» **Task to complete**
For the material below, reproduce exactly each line from the one that has "کاپشن|لباس|رودسر, |دیوار" through the one that has "Torta al cioccolato, fragole e panna montata", and no others; pictures stay out.

==== Dataset excerpts ====

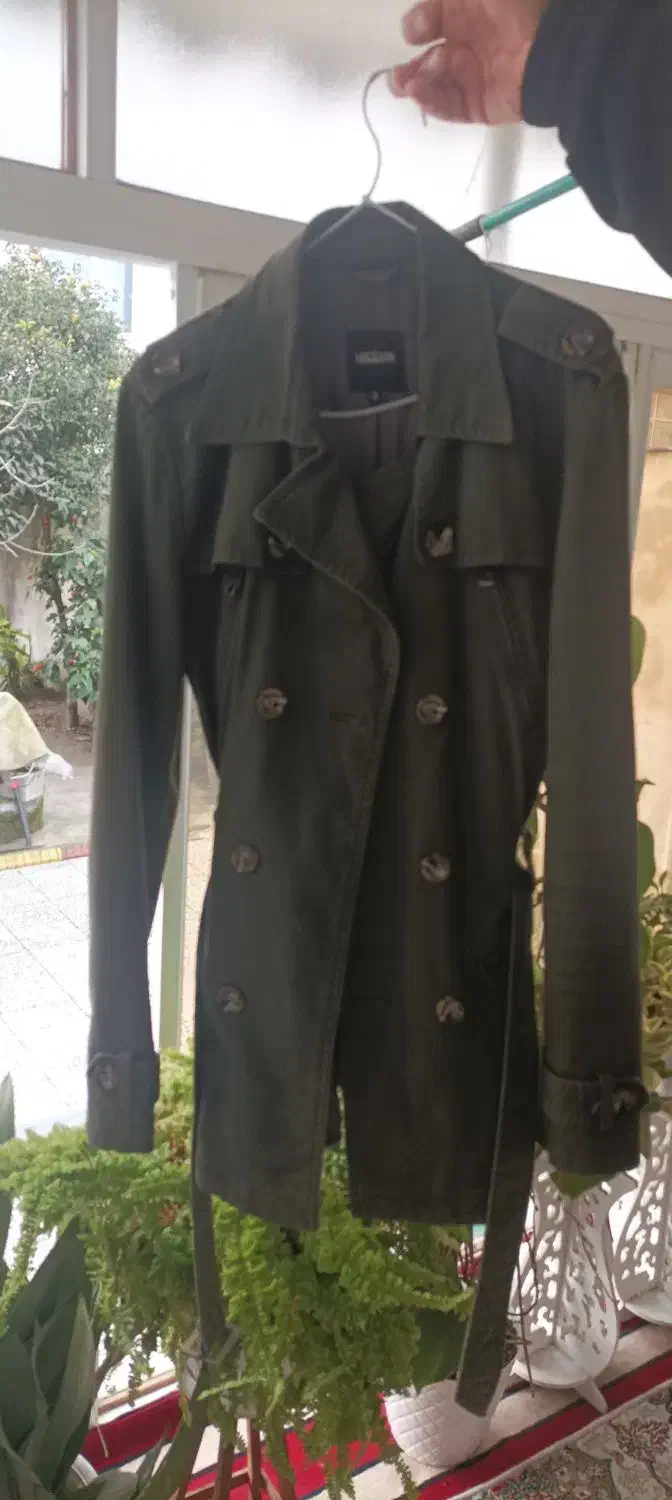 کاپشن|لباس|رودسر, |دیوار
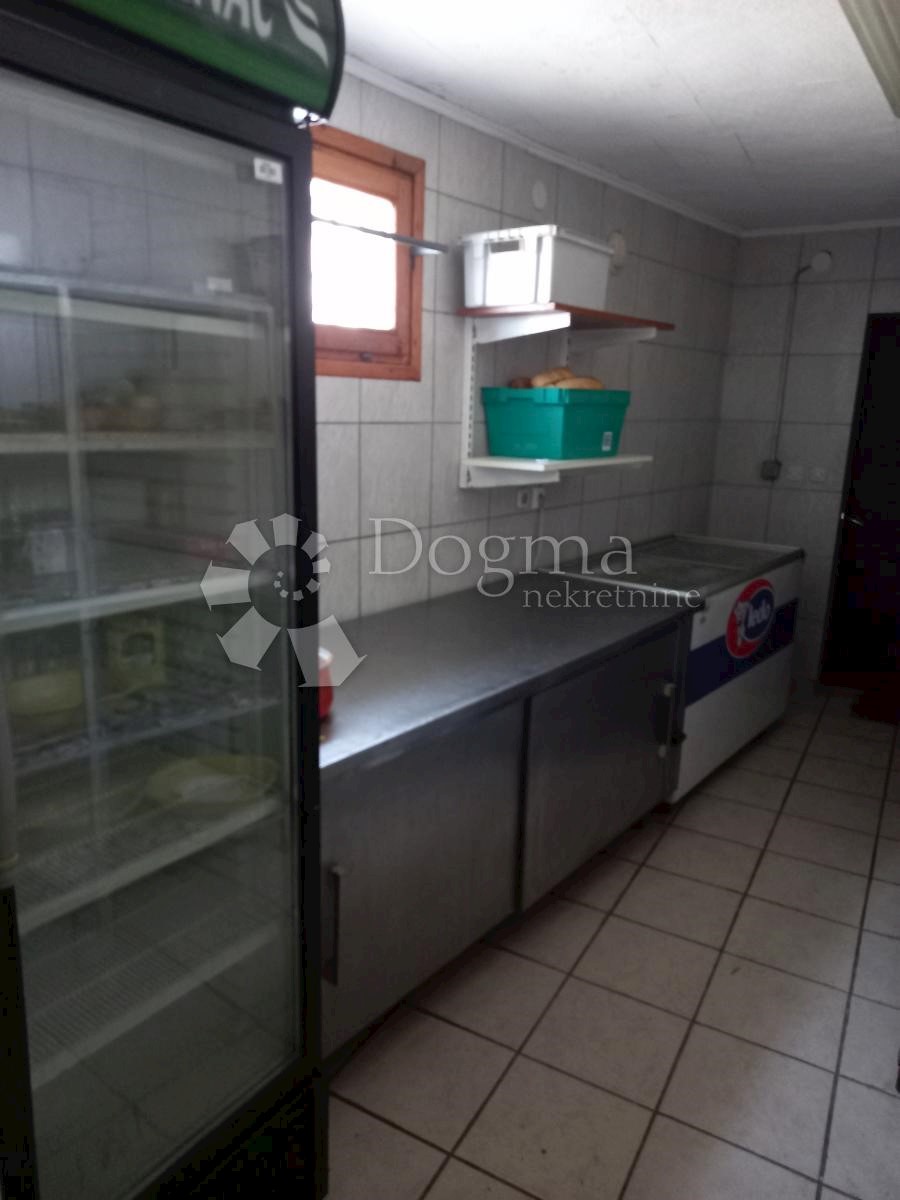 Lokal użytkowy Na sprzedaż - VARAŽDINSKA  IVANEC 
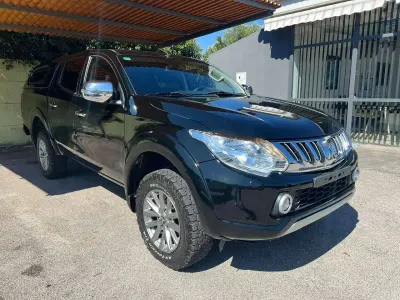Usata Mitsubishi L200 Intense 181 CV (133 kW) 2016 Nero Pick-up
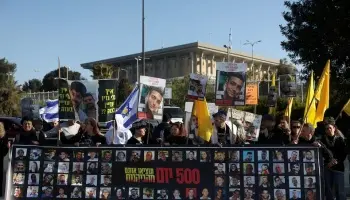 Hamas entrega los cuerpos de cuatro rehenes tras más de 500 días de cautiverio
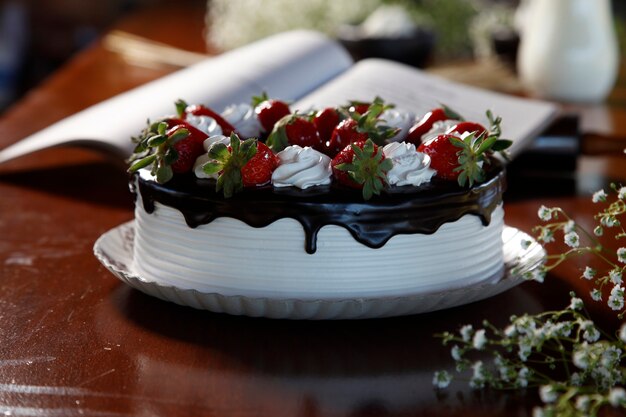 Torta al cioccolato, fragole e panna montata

====
==== Dataset excerpts ====

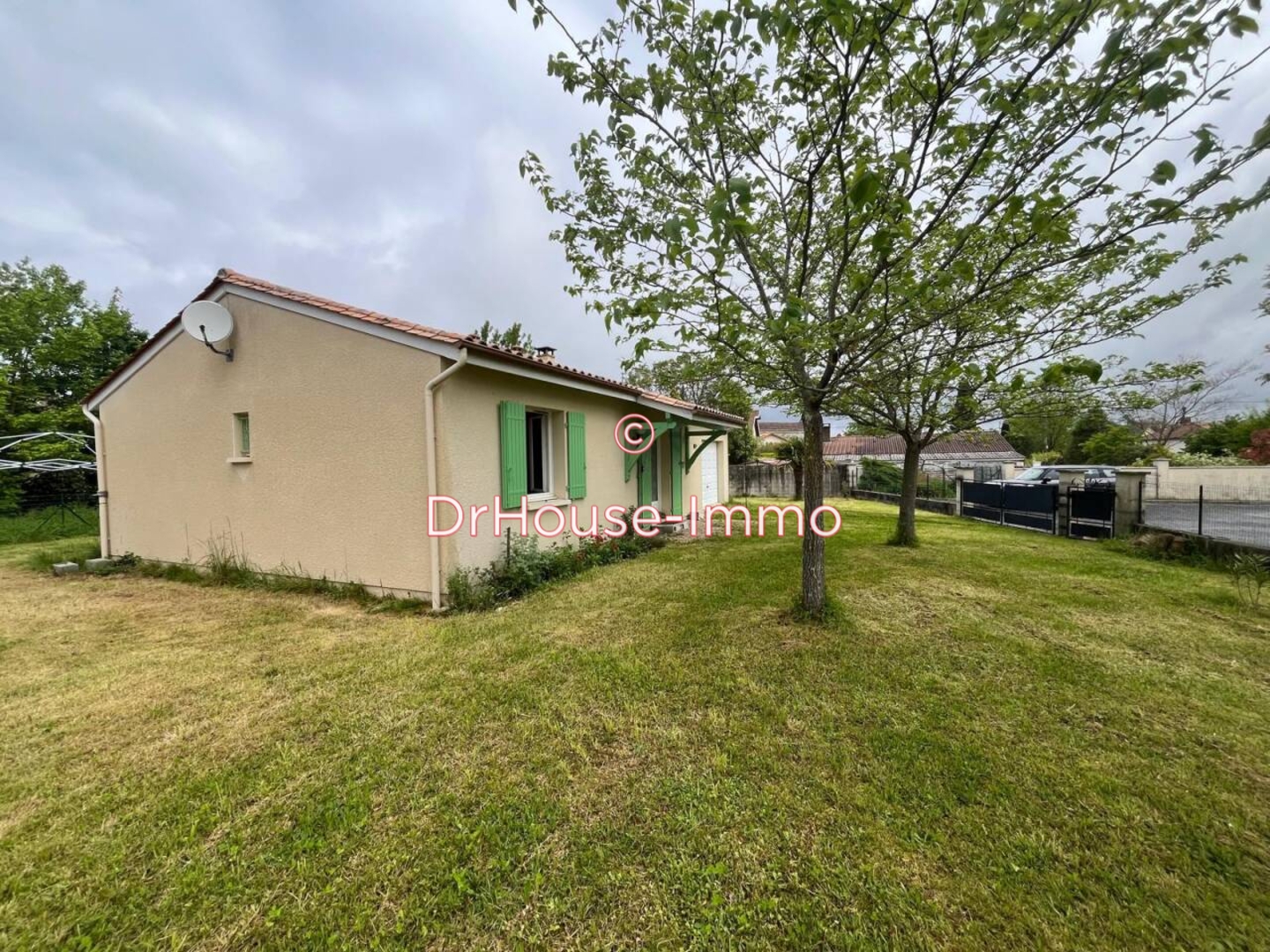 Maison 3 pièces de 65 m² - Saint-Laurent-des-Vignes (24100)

====

» **Written solution**
 کاپشن|لباس|رودسر, |دیوار
 Lokal użytkowy Na sprzedaż - VARAŽDINSKA  IVANEC 
Usata Mitsubishi L200 Intense 181 CV (133 kW) 2016 Nero Pick-up
 Hamas entrega los cuerpos de cuatro rehenes tras más de 500 días de cautiverio
 Torta al cioccolato, fragole e panna montata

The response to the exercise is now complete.